● Assignment
From the entries below, reproduce exactly the lines from the one with "Ancient Egyptian temple" through the one with "Expansive undeveloped lot", both included, without images.

● Data section
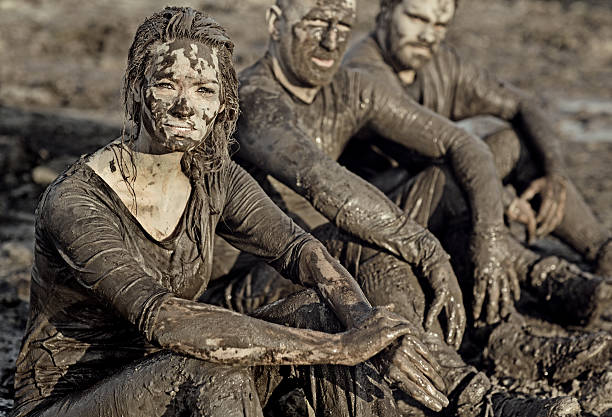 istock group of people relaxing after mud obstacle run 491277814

---

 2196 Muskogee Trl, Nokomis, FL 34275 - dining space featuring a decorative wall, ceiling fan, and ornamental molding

--

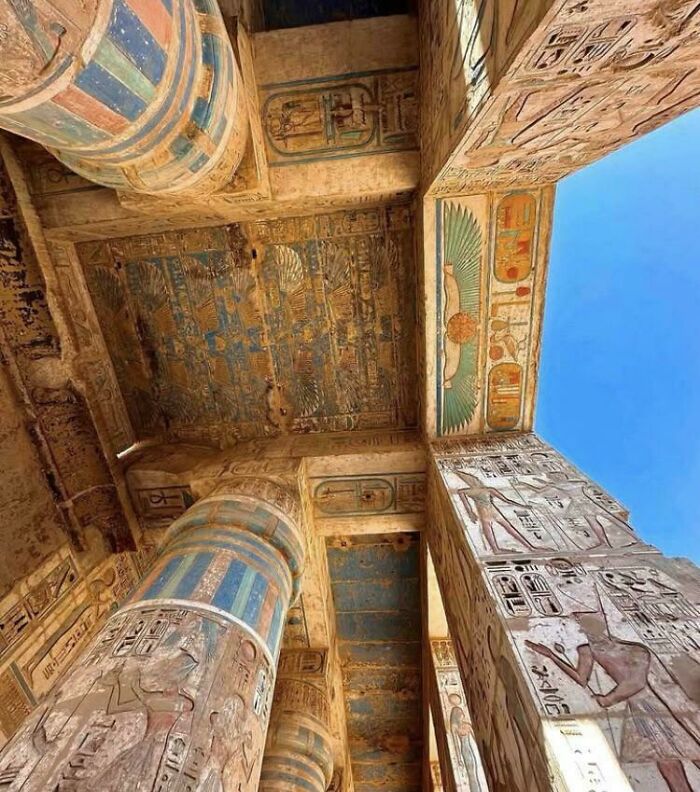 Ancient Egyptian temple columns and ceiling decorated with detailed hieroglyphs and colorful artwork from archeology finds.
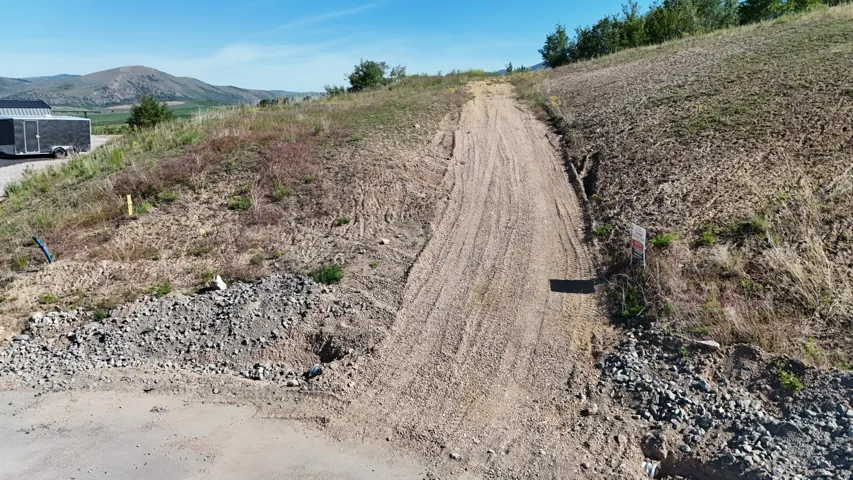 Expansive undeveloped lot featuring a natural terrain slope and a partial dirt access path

● Result
 Ancient Egyptian temple columns and ceiling decorated with detailed hieroglyphs and colorful artwork from archeology finds.
 Expansive undeveloped lot featuring a natural terrain slope and a partial dirt access path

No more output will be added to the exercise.